===== Data records

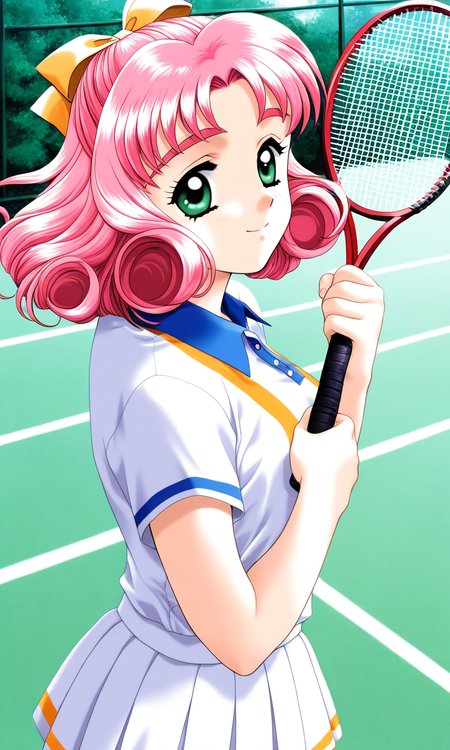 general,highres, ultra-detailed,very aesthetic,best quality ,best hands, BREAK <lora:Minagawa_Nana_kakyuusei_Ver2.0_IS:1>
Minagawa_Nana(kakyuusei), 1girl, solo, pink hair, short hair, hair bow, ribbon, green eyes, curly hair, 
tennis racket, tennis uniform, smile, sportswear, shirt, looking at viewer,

==========
===== Data records

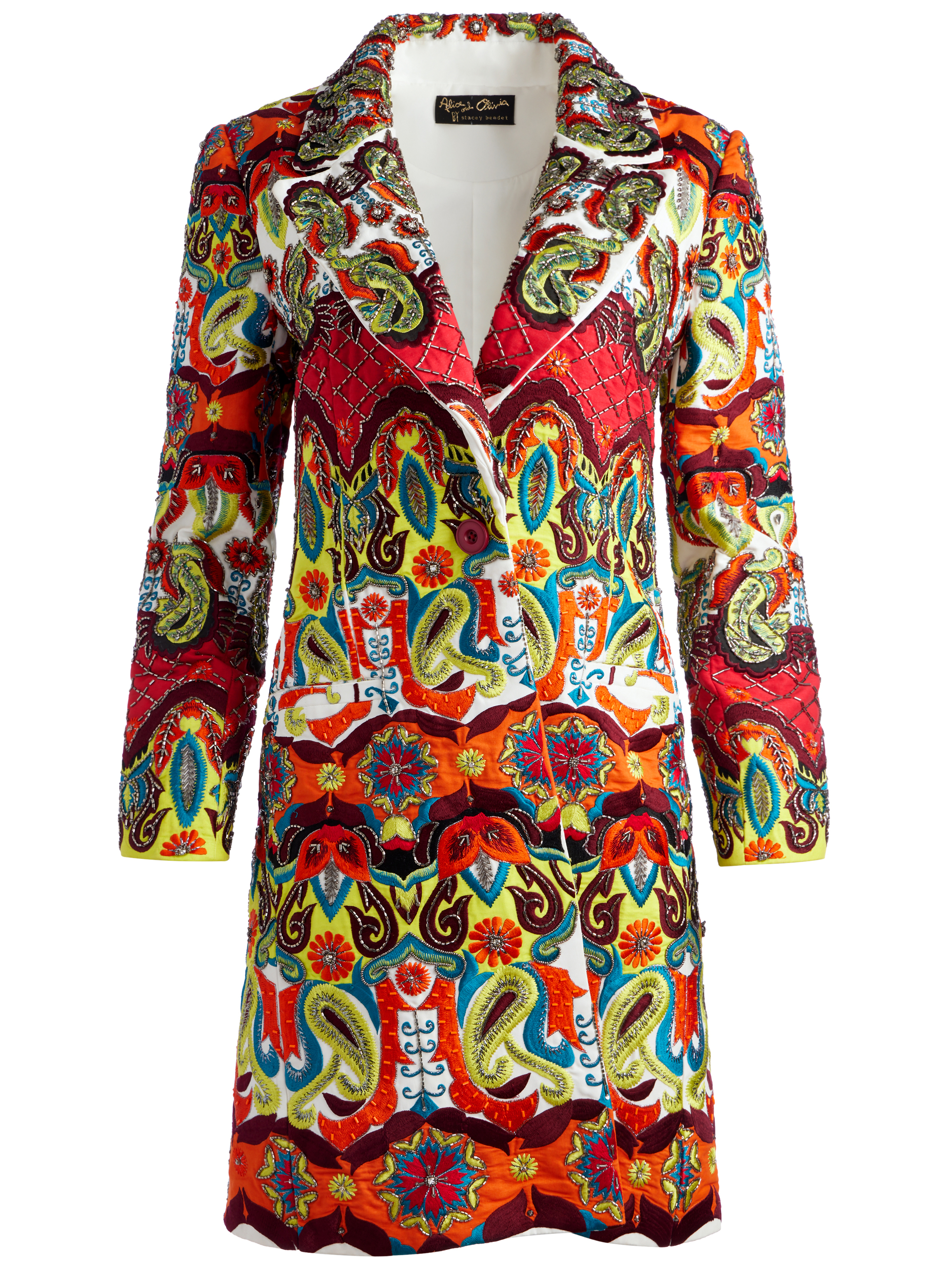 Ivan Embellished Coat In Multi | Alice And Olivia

==========
===== Data records

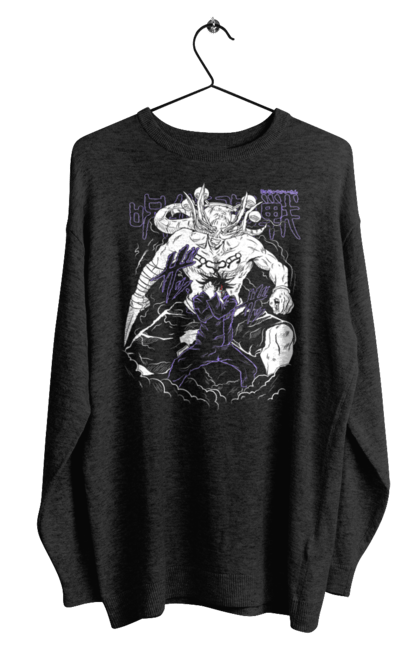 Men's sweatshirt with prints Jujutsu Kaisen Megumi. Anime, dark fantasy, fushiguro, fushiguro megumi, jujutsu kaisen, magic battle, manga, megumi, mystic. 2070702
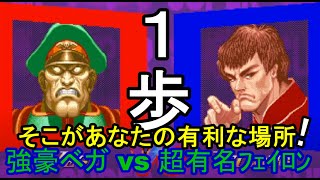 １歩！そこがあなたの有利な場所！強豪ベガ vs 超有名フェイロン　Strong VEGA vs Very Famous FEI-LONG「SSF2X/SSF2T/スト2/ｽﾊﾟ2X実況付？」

==========

What you will do:
In the listing above, find the line containing "general,highres, ultra-detailed,very aesthetic,best" and the line containing "tennis racket, tennis". Print those two lines and every line between them exactly, with no pictures.

Your response:
 general,highres, ultra-detailed,very aesthetic,best quality ,best hands, BREAK <lora:Minagawa_Nana_kakyuusei_Ver2.0_IS:1>
Minagawa_Nana(kakyuusei), 1girl, solo, pink hair, short hair, hair bow, ribbon, green eyes, curly hair, 
tennis racket, tennis uniform, smile, sportswear, shirt, looking at viewer,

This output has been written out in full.